Isnin, 3 Oktober 2016

Mencegah Krisis Keuangan

MENCEGAH KRISIS KEUANGAN

Oleh: NUGROHO AGUNG WIJOYO*)

Belajar dari pengalaman krisis keuangan tahun 1997-1998, Pemerintah Indonesia telah melakukan berbagai upaya perbaikan untuk membangun sistem keuangan yang lebih tangguh dan siap dalam menghadapi krisis sistem keuangan, khususnya perbankan.

Untuk mengantisipasi kemungkinan krisis keuangan berulang di Indonesia, pemerintah bersama dengan DPR pada 17 Maret 2016 mengesahkan Undang-Undang Nomor 9 Tahun 2016 tentang Pencegahan dan Penanganan Krisis Sistem Keuangan (UU PPKSK). Kehadiran UU PPKSK ini berada dalam momentum yang sudah lama dinanti-nantikan kelahirannya dan telah diamanatkan dalam Penjelasan Umum Undang-Undang Nomor 3 Tahun 2004 tentang Perubahan UU Bank Indonesia.

Apa itu UU PPSK?

UU ini mengatur bagaimana Kementerian Keuangan, Bank Indonesia (BI), Lembaga Penjamin Simpanan (LPS), dan Otoritas Jasa Keuangan (OJK) melakukan koordinasi dalam rangka pemantauan dan pemeliharaan stabilitas sistem keuangan; melakukan penanganan krisis sistem keuangan; dan melakukan penanganan permasalahan bank sistemik, baik dalam kondisi stabilitas sistem keuangan normal maupun kondisi krisis sistem keuangan.

Koordinasi keempat lembaga untuk melakukan pemantauan dan pemeliharaan stabilitas sistem keuangan tersebut mencakup bidang: (a) fiskal; (b) moneter; (c) makroprudensial dan mikroprudensial jasa keuangan; (d) pasar keuangan; (e) infrastruktur keuangan, termasuk sistem pembayaran dan penjaminan simpanan; serta (f) resolusi bank.

Keempat lembaga tersebut diwadahi dalam Komite Stabilitas Sistem Keuangan (KKSK) dan pimpinan keempat lembaga tersebut menjadi anggota KKSK. KKSK menyelenggarakan pencegahan dan penanganan krisis sistem keuangan untuk melaksanakan kepentingan dan ketahanan perekonomian nasional.

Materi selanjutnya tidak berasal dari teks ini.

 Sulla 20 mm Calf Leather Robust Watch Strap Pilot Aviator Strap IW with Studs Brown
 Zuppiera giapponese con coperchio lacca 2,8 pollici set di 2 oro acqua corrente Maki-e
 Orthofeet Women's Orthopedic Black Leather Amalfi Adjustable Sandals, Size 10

Ironisnya, meski LPS disebutkan paling banyak dalam UU ini, yaitu sebanyak 134 kali (bandingkan dengan OJK sebanyak 58 kali dan BI sebanyak 34 kali), Ketua Dewan Komisioner LPS hanya sebagai anggota KKSK tanpa hak suara (Pasal 4 Ayat 3 Huruf d UU PPKSK). Melihat peranan yang begitu berat dan strategis, terlihat dari penyebutannya sebanyak 134 kali dalam UU ini, sangatlah jelas bahwa LPS bukan sebagai lembaga pelengkap penderita, meski sering dipelesetkan menjadi Lembaga Penangan Segala (LPS).

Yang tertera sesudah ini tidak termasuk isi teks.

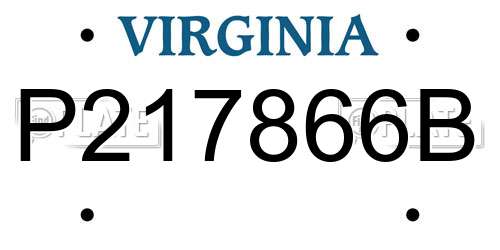P217866B Virginia License Plate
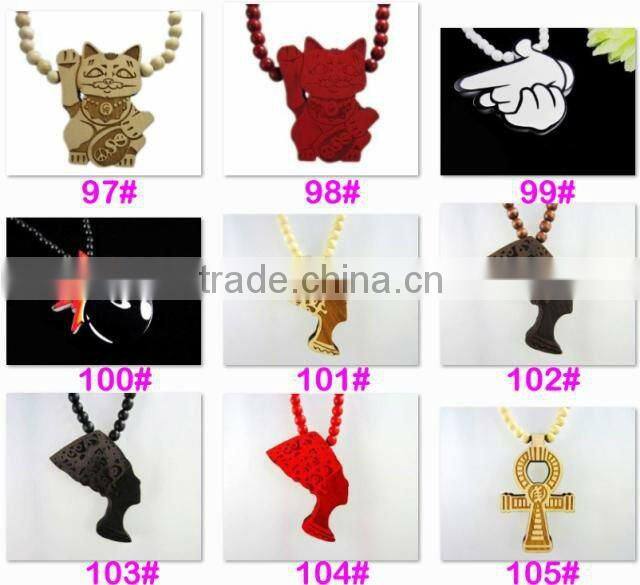 Hip Hop Face Wooden Beaded Pendant 36" Chain Necklace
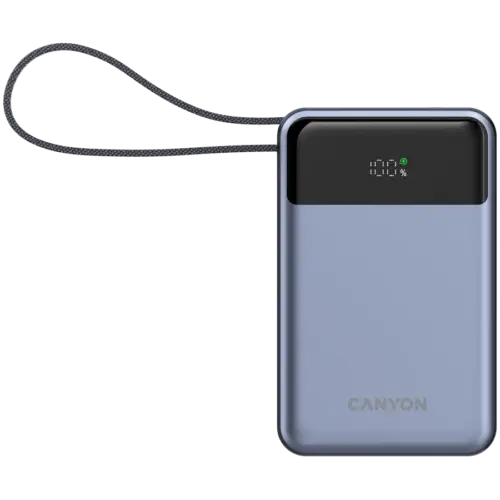 Външна батерия CANYON power bank OnPower 600 built-in cable 20000 mAh PD65W Dark Grey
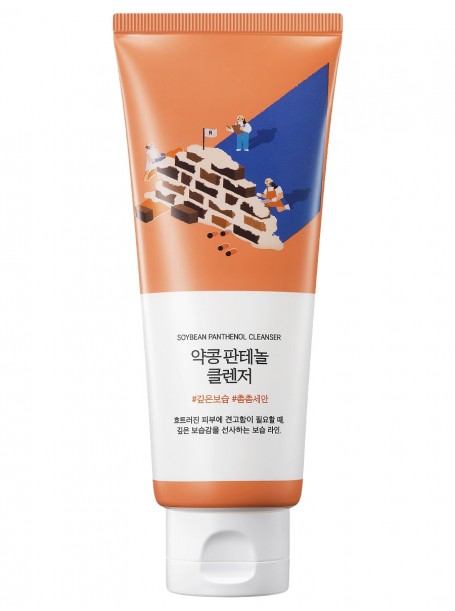 Пенка для умывания с чёрной соей и пантенолом Soybean Panthenol Cleanser 150 мл "Round Lab"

Suahasil Nazara, Kepala Badan Kebijakan Fiskal Kementerian Keuangan, mengemukakan bahwa titik berat UU ini terletak pada pencegahan dan penanganan permasalahan bank sistemik dan sebagai bagian penting dari sistem keuangan yang didasarkan pada dua pertimbangan utama. Pertama, permasalahan bank sistemik dapat menyebabkan gagalnya sistem pembayaran yang mengakibatkan tidak berfungsinya sistem keuangan secara efektif dan berdampak langsung pada jalannya roda perekonomian. Kedua, sebagian besar dana masyarakat saat ini dikelola sektor perbankan, khususnya bank sistemik. Untuk itu, perlu dijaga keberlangsungan fungsi dan layanan utama bank dari kemungkinan kegagalan.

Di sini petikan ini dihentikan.